> Exercise instructions:
Print the lines that run from the line with "Used 2025 Toyota" to the line with "Wer sein Auto", keeping both end lines, exactly as they appear in the entries below, and nothing else.

> Material supplied:
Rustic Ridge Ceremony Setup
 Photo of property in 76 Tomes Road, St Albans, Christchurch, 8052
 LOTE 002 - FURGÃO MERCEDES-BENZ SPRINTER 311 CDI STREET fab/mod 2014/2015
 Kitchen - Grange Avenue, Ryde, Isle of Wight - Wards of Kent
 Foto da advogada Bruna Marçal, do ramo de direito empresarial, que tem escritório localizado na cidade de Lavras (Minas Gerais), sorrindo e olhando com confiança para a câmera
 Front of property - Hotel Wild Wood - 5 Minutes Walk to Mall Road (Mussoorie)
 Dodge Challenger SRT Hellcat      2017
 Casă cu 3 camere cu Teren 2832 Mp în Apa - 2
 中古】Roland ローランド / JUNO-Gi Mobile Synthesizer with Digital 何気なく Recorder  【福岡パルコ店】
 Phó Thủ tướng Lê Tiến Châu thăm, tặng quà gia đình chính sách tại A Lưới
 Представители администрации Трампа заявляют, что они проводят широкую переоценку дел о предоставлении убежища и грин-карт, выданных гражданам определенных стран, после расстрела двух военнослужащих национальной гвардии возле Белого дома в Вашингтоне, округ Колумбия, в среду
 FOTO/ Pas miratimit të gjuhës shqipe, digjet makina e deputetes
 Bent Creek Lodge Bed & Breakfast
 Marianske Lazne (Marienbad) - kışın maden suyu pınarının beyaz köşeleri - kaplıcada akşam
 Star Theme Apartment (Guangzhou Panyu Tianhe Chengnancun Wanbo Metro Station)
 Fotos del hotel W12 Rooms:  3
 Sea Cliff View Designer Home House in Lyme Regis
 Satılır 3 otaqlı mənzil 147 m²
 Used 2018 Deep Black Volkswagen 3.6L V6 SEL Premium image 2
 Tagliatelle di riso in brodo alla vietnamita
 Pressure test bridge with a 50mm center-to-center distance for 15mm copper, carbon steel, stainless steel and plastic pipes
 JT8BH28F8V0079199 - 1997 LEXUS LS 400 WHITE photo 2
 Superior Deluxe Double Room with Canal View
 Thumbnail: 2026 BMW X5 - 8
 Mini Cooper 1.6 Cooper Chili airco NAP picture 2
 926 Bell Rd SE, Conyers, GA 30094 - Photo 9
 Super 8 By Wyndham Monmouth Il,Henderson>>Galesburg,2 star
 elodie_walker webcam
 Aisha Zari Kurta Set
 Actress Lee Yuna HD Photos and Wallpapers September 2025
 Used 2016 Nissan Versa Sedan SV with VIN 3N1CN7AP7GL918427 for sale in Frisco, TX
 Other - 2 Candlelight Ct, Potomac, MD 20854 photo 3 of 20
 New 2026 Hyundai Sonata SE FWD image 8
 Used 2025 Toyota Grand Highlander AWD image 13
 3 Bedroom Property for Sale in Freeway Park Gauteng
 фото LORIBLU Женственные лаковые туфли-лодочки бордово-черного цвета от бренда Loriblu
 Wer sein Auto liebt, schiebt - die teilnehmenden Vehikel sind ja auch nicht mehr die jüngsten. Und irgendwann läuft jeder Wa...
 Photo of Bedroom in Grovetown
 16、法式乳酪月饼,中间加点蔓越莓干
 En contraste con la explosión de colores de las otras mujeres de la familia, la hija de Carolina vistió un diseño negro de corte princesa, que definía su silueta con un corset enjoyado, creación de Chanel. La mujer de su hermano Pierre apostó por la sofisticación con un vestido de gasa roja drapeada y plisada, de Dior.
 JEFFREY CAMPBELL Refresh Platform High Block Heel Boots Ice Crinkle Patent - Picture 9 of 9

> Exercise solution:
 Used 2025 Toyota Grand Highlander AWD image 13
 3 Bedroom Property for Sale in Freeway Park Gauteng
 фото LORIBLU Женственные лаковые туфли-лодочки бордово-черного цвета от бренда Loriblu
 Wer sein Auto liebt, schiebt - die teilnehmenden Vehikel sind ja auch nicht mehr die jüngsten. Und irgendwann läuft jeder Wa...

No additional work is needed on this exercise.